[elephant-devel] Backend musings

Leslie P. Polzer leslie.polzer at gmx.net
Fri Feb 29 18:53:32 UTC 2008


> It strikes me that Tokyo Cabinet's only major benefit is have a better
> licensing model.  Getting it to the same state as BDB would be a
> significant project (and it doesn't support Windows, I believe).

I thought that TC might have a better deadlock handling (after
all there are other concurrency models that don't have that
problem), but I might have been mistaken.



> Mirroring Robert's sentiments, I think we'd be far better off spending
> limited developer cycles on a lisp-only solution running that solves
> both licensing, integration, performance, usability and other
> headaches experienced with our ffi or socket based solutions.

Guess I'm with you both here.



> - Support persistent slot writes

Isn't this trivial with the current serializer architecture?
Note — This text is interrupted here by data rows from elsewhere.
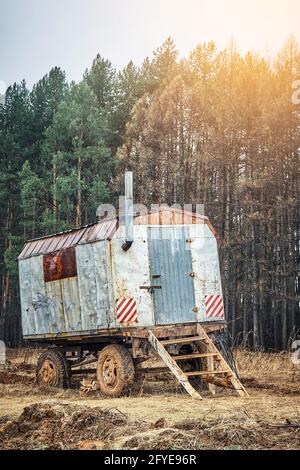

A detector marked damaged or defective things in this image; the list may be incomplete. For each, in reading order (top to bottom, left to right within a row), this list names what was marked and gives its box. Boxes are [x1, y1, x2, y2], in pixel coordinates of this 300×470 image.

rusted roof [17, 220, 118, 260]
rusty metal trailer [17, 173, 246, 400]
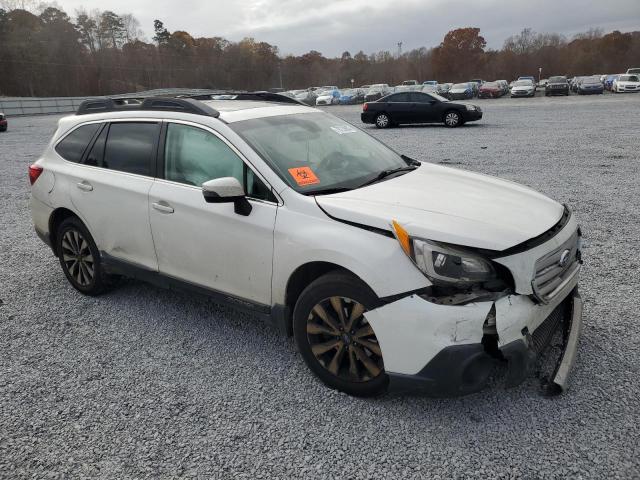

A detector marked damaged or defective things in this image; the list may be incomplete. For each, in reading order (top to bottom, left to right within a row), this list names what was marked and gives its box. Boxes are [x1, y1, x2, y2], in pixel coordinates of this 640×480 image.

damaged headlight [392, 220, 498, 286]
cracked bumper [362, 282, 584, 398]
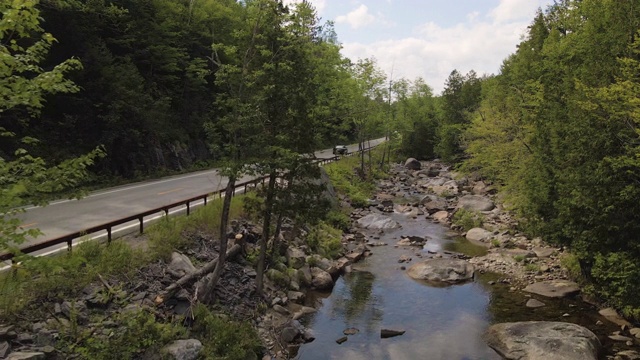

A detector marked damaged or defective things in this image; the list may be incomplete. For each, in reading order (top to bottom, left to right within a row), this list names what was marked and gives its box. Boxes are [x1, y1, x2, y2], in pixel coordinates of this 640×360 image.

rusty metal guardrail [0, 145, 376, 262]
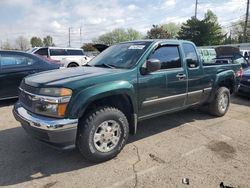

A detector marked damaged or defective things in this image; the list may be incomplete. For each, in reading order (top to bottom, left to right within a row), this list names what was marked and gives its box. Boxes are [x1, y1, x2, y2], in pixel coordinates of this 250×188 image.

cracked asphalt [0, 95, 249, 188]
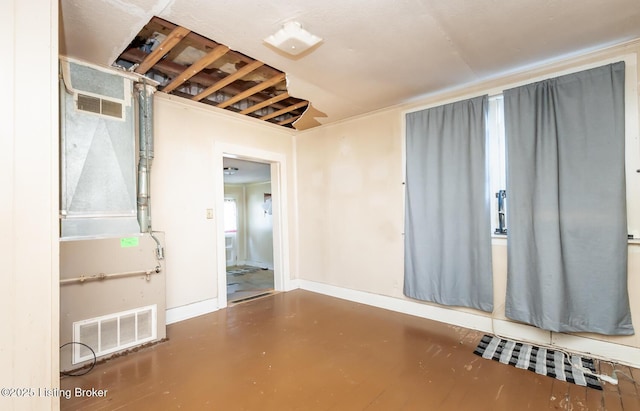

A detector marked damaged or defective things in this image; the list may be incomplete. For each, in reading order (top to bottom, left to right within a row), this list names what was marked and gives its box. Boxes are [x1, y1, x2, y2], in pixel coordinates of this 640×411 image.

damaged ceiling [115, 16, 310, 130]
damaged ceiling [57, 0, 640, 130]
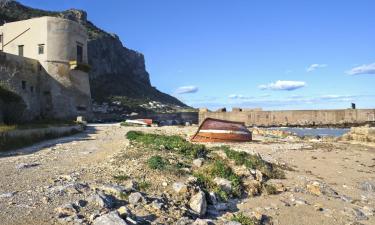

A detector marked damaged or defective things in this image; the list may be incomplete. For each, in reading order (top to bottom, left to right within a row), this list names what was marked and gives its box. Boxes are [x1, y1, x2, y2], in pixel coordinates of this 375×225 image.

rust stain on boat [192, 118, 251, 142]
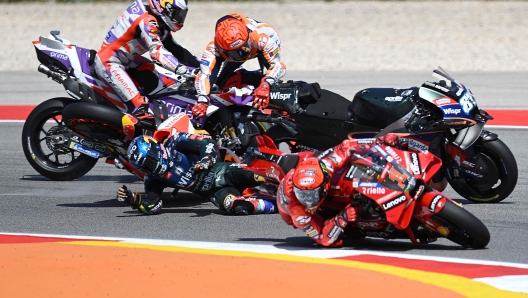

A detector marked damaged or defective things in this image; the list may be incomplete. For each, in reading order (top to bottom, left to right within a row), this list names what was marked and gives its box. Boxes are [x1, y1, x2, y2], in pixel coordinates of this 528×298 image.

crashed honda motorcycle [23, 30, 318, 179]
crashed honda motorcycle [243, 134, 490, 248]
crashed honda motorcycle [255, 67, 516, 203]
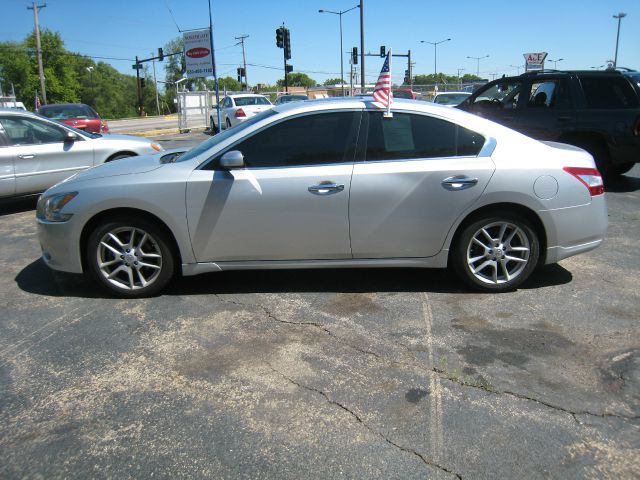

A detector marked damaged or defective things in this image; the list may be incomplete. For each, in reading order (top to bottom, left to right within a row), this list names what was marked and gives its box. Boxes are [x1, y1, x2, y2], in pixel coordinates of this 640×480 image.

cracked asphalt [0, 136, 636, 480]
> - Expose a persistent key-value store, indexed key-value store and
>    iterator/cursor interfaces over them

Comes for free with every B(+)-tree, I guess.


> - Support a transaction model that guarantees the ACID properties
> - Work correctly in a threading model
> - Ideally would also work in a multi-process, shared-memory scenario
>
> I think the big design decisions for a lisp data store include:
> - Backing-store model (prevalence-style logging, binary paging,
> Rucksack style maps, etc)
>
> - Multi-threaded transaction support (page/object locking vs. per-txn
> replication)

OL seems more simple and therefore better to me.
I don't know what per-txn replication is, and neither anything
about the backing store methods you mentioned.



> - Multi-process support?

...should definitely be included. My model of having separate
processes for frontend and admin backend is not too uncommon.



> My latest thinking is that we can spend disk space to save time/
> complexity and assume that we have lots of main memory available.
> This can allow us to avoid messing with fixed-sized pages and locking.

Yup.


> - We serialize commit ops and cancel active transactions that have
> read or written data

What is meant by "serializing" here?



> We can make serialization of btree nodes easier by just serializing
> the lisp structure and having bins of differently sized disk regions
> to write them to rather than maintaining fixed sized pages.  Later, we
> could choose to enhance the system by converting to a low-level read/
> write into the C byte stream that we fetch from files.

Err... "C byte stream"?


> PS - I don't see B+Trees in CL-CONTAINERS.  Is it in there with
> another name?

It should be the QUAD-TREE for all I know.


> Also, we need a B+Tree that actually is mapped to a
> disk file rather than into memory as seems to be the case with most of
> cl-containers

Yes. I'm not sure how easily extensible the CL-CONTAINERS
tree is, but it might be a good base to start with.